The filter parameter was added in Python 3.12 to address a class of path-traversal vulnerabilities in tar archives. Without a filter, extractall emits a DeprecationWarning and uses legacy behavior (no checks). With filter='data' (the strictest preset), _safe_tarinfo blocks: absolute paths, paths containing .., symlinks, hard links pointing outside the destination, and special file types (char/block devices, fifos). It also clamps uid/gid to the extracting user and strips the setuid/setgid bits.

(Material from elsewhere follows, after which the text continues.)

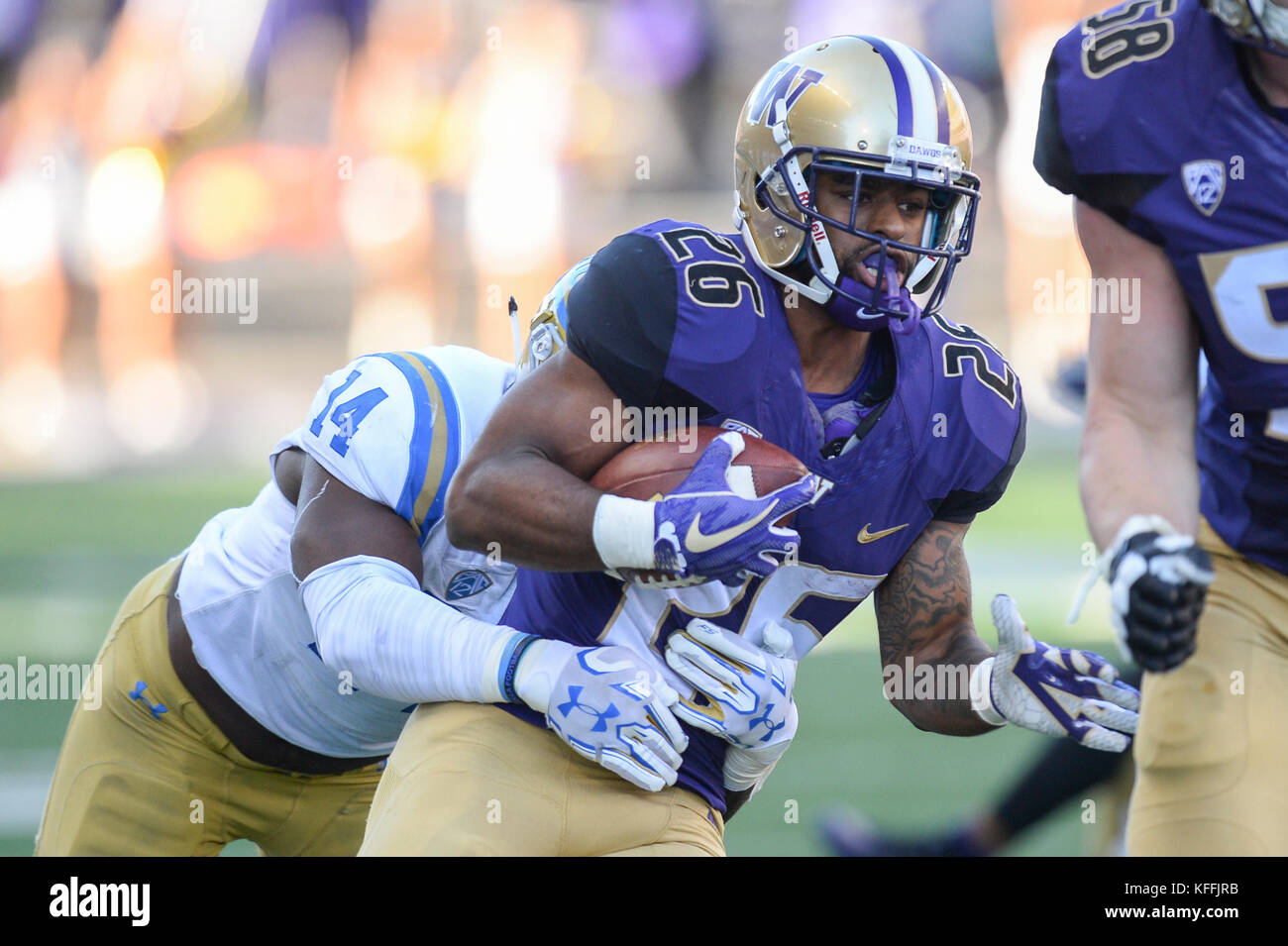Seattle, WA, USA. 28th Oct, 2017. UW running back Salvon Ahmed (26) is tackled by UCLA's Krys Barnes (14) after a short gain during a PAC12 football game between the UCLA Bruins and the Washington Huskies. The game was played at Husky Stadium on the University of Washington campus in Seattle, WA. Jeff Halstead/CSM/Alamy Live News Stock Photo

Directories are extracted with mode 0o700 first so that subsequent member writes can always succeed regardless of the archived mode. Directory attributes (ownership, timestamps, permissions) are applied in reverse alphabetical order after all other members so that a directory's modification time is not reset by later writes into it.

PAX extended headers (lines 400 to 900)

cpython 3.14 @ ab2d84fe1023/Lib/tarfile.py#L400-900

def _proc_pax(self, tarfile):
buf = tarfile.fileobj.read(self._block(self.size))
pax_headers = {}
pos = 0
while pos < len(buf):
# Each record: "<length> <key>=<value>\n"
# length includes itself
try:
length = int(buf[pos:buf.index(b' ', pos)])
except ValueError:
raise InvalidHeaderError("invalid extended header")
record = buf[pos + len(str(length)) + 1 : pos + length - 1]
key, _, value = record.partition(b'=')
pax_headers[key.decode('utf-8')] = value.decode('utf-8')
pos += length
return pax_headers

PAX extended headers allow arbitrary Unicode metadata by encoding fields as length key=value\n records where length is the total byte count of the entire record including the length prefix and newline. Standard PAX keys include path, linkpath, size, mtime, uname, gname, uid, gid, atime, ctime, and hdrcharset. The hdrcharset key specifies the encoding used for subsequent PAX keys; if absent, UTF-8 is assumed. TarFile.next merges parsed PAX headers onto the following member's TarInfo, overriding the corresponding POSIX header fields.

gopy mirror

tarfile depends on struct.pack/unpack for fixed-width binary data, io.BufferedReader, gzip.GzipFile, bz2.BZ2File, lzma.LZMAFile, and os.stat/os.makedirs/os.symlink. The gopy port will represent TarInfo as a Go struct, parse the 512-byte block with encoding/binary, and use Go's compress/gzip, compress/bzip2, and compress/flate packages for the compression layer. The filter security API will be exposed as a Go function type matching the Python Callable[[TarInfo, str], TarInfo | None] signature.